A Predictive Model for Cyberstalking Detection on Twitter Using Support Vector Machine (Svm)


Arvind Kumar Gautama
Depertment of Computer Science, IGNTU Amarkantak, Madhya Pradesh - 484887
Abhishek Bansal
Department of Computer Science, IGNTU Amarkantak, Madhya Pradesh - 484887


Background: Twitter is a real-time social media application that has gained global popularity, and the use of Twitter is also raising serious issues in the form of cyberstalking. Cyberstalking is systematic, repeated, and numerous cyber-attacks and does not occur on a single occurrence. Cyberstalking [1] is a serious cyber-attack in which the attacker uses digital media to harass the victim or group through personal attacks and the disclosure of false or confidential information among other persons. It may categorize as email-stalking, internet-stalking, and computer-stalking.

Objectives: Available preventing mechanism is not sufficient to handle the cyberstalking situations. Filtration, detection, and proper evidence documentation of cyberstalking are challenging tasks. Finding the technological solutions to control cyberstalking more attention is required in the technical aspect.

Methodology: The proposed methodology is inspired by the framework of Frommholz I. et al. [2] for Textual Analysis and Cyberstalking Detection using machine learning algorithms.

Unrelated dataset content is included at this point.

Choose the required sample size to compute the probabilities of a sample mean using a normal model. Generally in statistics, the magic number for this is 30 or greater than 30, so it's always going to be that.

The proposed framework will work on textual tweets and contain four phases: pre-processing, features extraction, text classification, and cyberstalking detection. Support Vector Machine(SVM) will be used for text classification, while Bag of Word with unigram, bigram, and trigram will be used for feature extraction.

Results and discussion: The experiment was performed on two different datasets containing 1065 and 40116 tweets, respectively, and performance metrics were measured. The proposed machine learning model produced accuracy, 72.4%, and 84.5%, using SVM with Unigrams for dataset-1 and dataset-2, respectively.

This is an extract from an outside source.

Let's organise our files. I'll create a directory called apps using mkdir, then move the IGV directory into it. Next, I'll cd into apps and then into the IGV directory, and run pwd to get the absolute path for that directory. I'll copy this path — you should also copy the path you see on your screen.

Conclusions and future work: We found that SVM with Unigrams produces better accuracy for large cyberstalking dataset-2 while  SVM with Ngrams produces better recall on both datasets. It is also found that the performance of algorithms is also dependent on the size and distribution of the dataset and feature extraction methods. Future work will be focused on automatic cyberstalking detection on Twitter in a real-time manner.

January 28, 2022